During pharmaceutical development, the performance of pharmaceutical products intended for investigational purposes are often unknown and/or not optimized, however, one element critical to the safety and efficacy of investigational medicines is compliance with the cGMPs. Several mechanisms can be used to enhance and enable compliance in analytical laboratories where investigational medicines are tested and released for clinical use. The approach described here is an ‘in-house’ peer-led effort, which resulted in a program that has significant benefits and applicability for a dynamic, multi-disciplined analytical development department. The monitoring program aligns itself to both the Quality Systems approach  and the working practices of the laboratories; by tracking a randomly chosen sample from delivery, receipt, storage and analysis through to data reporting, notebook documentation, qualification and/or validation of instrumentation and electronic records.

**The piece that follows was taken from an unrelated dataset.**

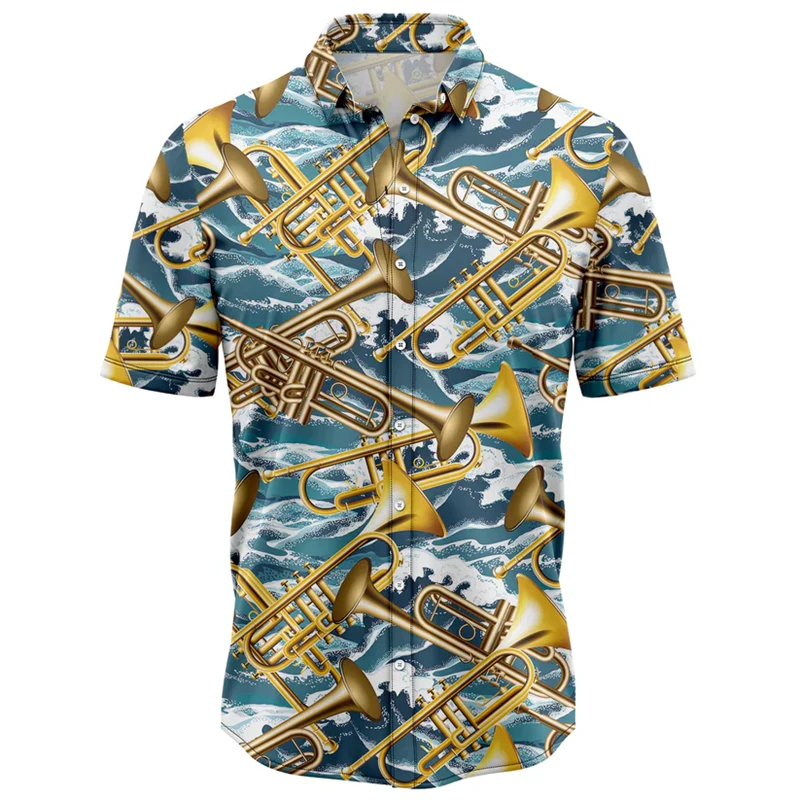 

Fashion Trumpet Pattern Hawaiian Shirts Summer Casual Holiday Vacation 3D Printed Shirt Loose Streetwear Lapel Button Blouses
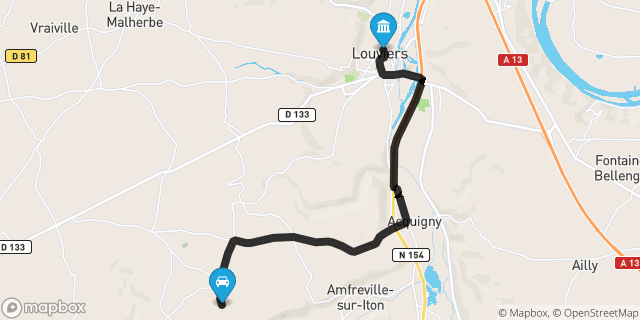 Itinéraire vers Louviers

The program is based on peer-led laboratory monitorings (not audits) which help to distribute the responsibilities and benefits by increasing the overall awareness of the program. In this program, prominent issues can be quickly highlighted preventing propagation or escalation. The monitoring is information-rich and actionable metrics are gathered using a tracking form. This enables systematic problems to be highlighted and resolved on a department level versus repeatedly fixing the problem on a laboratory level. Critical involvement from both management and Quality Assurance (QA) ensures the credibility of the program.
During pharmaceutical development, the performance of pharmaceutical products intended for investigational purposes are often unknown and/or not optimized, however, one element critical to the safety and efficacy of investigational medicines is compliance with the cGMPs. Several mechanisms such as notebook review, spot inspections, and varied training programs have been used to enhance and enable compliance in analytical laboratories where investigational medicines are tested and released for clinical use. To maintain and improve cGMP compliance in today’s analytical development environment, heightened awareness must be sustained. Programs such as annual GMP training and annual audits provide useful platforms for increasing awareness, but they do not provide ‘on the job’ training and therefore offer only a limited enhancement in maintaining quality compliance .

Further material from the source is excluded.